# Choctawhatchee River



## skiff89_jr (Apr 1, 2011)

Went to the choctawhatchee saturday morning to flathead fish. Bait was really easy to catch so we got to our holes pretty early. Gar were everywhere. Anywhere you looked you could see a ton of them hitting topwater. First hole all we got was a gar. Kept moving down river with no flathead bites, only gar. We finished out the morning with a small small flathead. He couldn't even get the bream down his mouth and the bream was small. We only got the one all morning, but they have got to be spawning. Water temp was 74.5. My buddy ran lines friday night and he only got one small one on a bush hook. I think I'm gonna give it another week or two before i go back. Maybe they will be done spawning. The river was really low. We were sliding over logs all morning. Maybe all this rain in the forecast will bring the river up.


----------



## CatCrusher (Jan 18, 2009)

They dont bite all the time. Could be the spawning but who knows. Ive caught alot of them through the years when they were spawning. You know how it is just got to keep going.


----------



## CatHunter (Dec 31, 2008)

skiff89_jr said:


> Went to the choctawhatchee saturday morning to flathead fish. Bait was really easy to catch so we got to our holes pretty early. Gar were everywhere. Anywhere you looked you could see a ton of them hitting topwater. First hole all we got was a gar. Kept moving down river with no flathead bites, only gar. We finished out the morning with a small small flathead. He couldn't even get the bream down his mouth and the bream was small. We only got the one all morning, but they have got to be spawning. Water temp was 74.5. My buddy ran lines friday night and he only got one small one on a bush hook. I think I'm gonna give it another week or two before i go back. Maybe they will be done spawning. The river was really low. We were sliding over logs all morning. Maybe all this rain in the forecast will bring the river up.


In most places of the US the Flatheads spawn from 68-72 our flatheads seem to spawn from 74-78 and will almost completely shut down once that happens, I noticed on the Apalachicola the other day the Flatheads was still in pre-spawn with scars all over their heads. 

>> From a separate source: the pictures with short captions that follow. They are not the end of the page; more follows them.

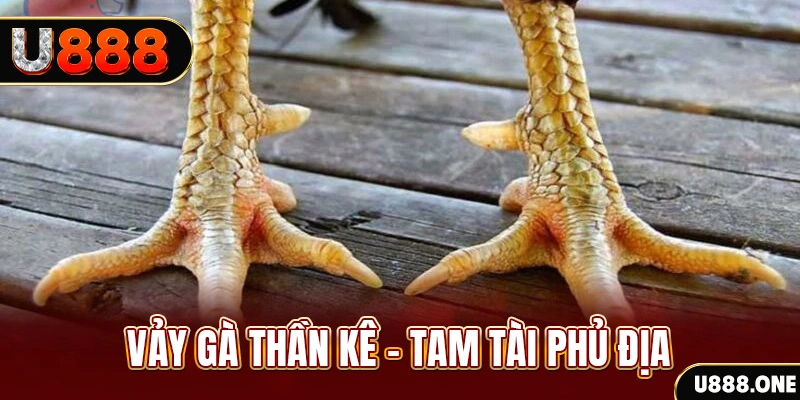 vn777 so xo mien trung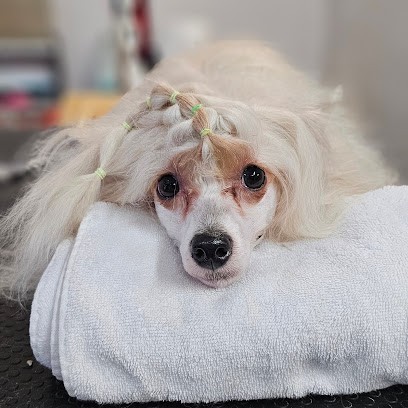 C'ouaf Toutou, Toiletteur pour Animaux à Mehun-sur-Yèvre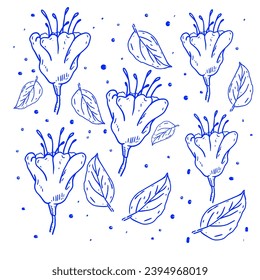 Beautiful and unique flowers. Drawn by hand. Stylish line art pen ink. Isolated vector illustration
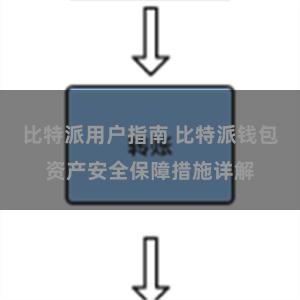 比特派用户指南 比特派钱包资产安全保障措施详解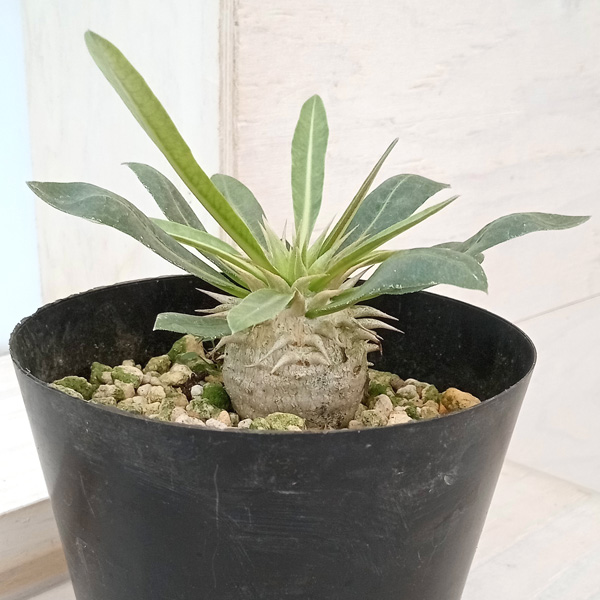 園芸ネット本店｜パキポディウム：エブレネウム（国内実生株） 4号 の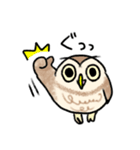 コキンメフクロウさんのスタンプ（個別スタンプ：40）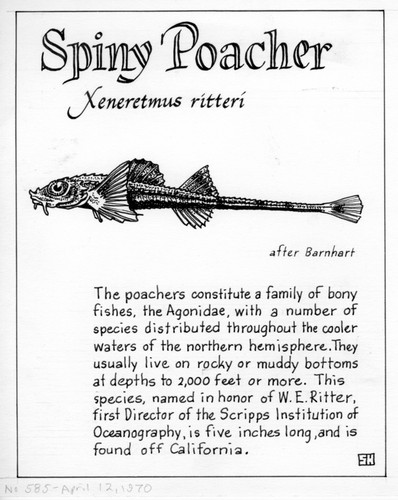 Spiny poacher: Xeneretmus ritteri (illustration from "The Ocean World")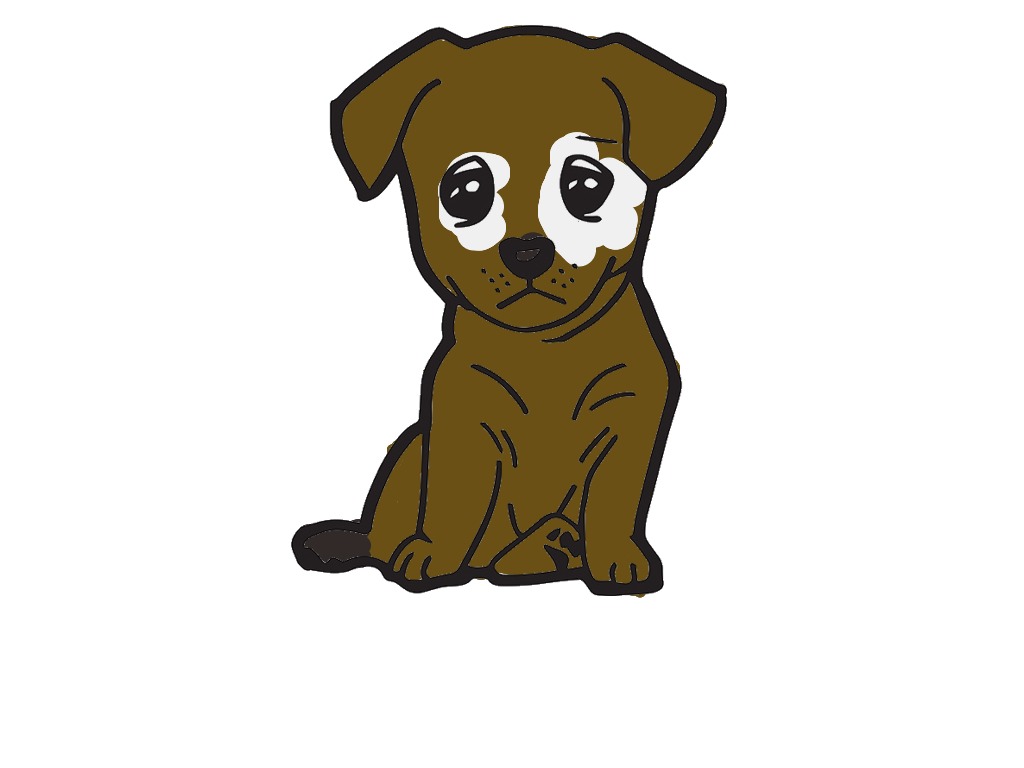 bojanke_1699984549.png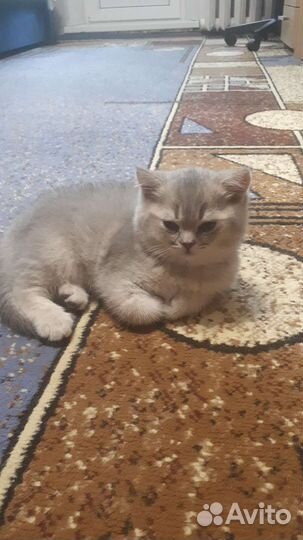 Британские котята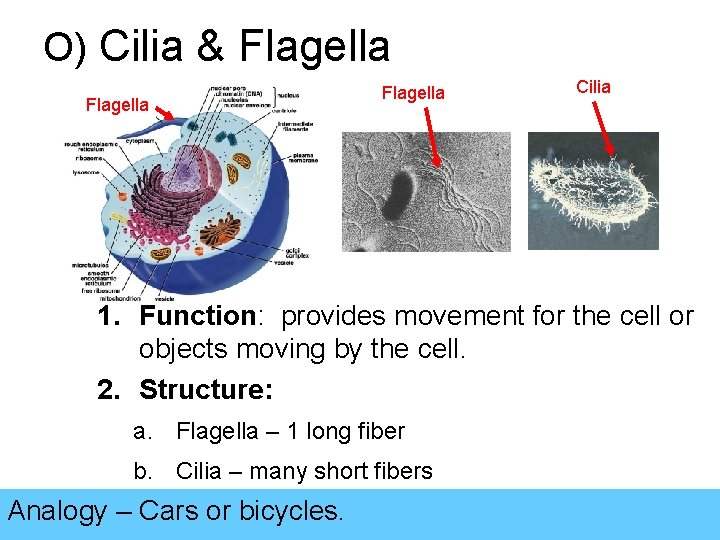 O) Cilia & Flagella Cilia 1. Function: provides movement for the cell or objects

In-pre spawn they will feed veraciously for a few weeks then go into nesting and will just shut off until they are done guarding the nest. These fish are very tricky at times but I think our best bet is to wait for the spawn to be over with and hit the river at 79-80 degrees"surface temp" 

Last year we did a tournament on the Apalachicola in May when the water temp was 76 and only caught 3 flatheads, That is terrible for the Apalachicola. Then on another tournament trip the water temp was up to 83 and we tore them up with several fish going over 20lbs and many hefty fish from 10-15lbs and alot of small flats under 5lbs that we threw back..


----------



## jcoss15 (Oct 11, 2010)

CatHunter said:


> In most places of the US the Flatheads spawn from 68-72 our flatheads seem to spawn from 74-78 and will almost completely shut down once that happens, I noticed on the Apalachicola the other day the Flatheads was still in pre-spawn with scars all over their heads.
> 
> In-pre spawn they will feed veraciously for a few weeks then go into nesting and will just shut off until they are done guarding the nest. These fish are very tricky at times but I think our best bet is to wait for the spawn to be over with and hit the river at 79-80 degrees"surface temp"
> 
> Last year we did a tournament on the Apalachicola in May when the water temp was 76 and only caught 3 flatheads, That is terrible for the Apalachicola. Then on another tournament trip the water temp was up to 83 and we tore them up with several fish going over 20lbs and many hefty fish from 10-15lbs and alot of small flats under 5lbs that we threw back..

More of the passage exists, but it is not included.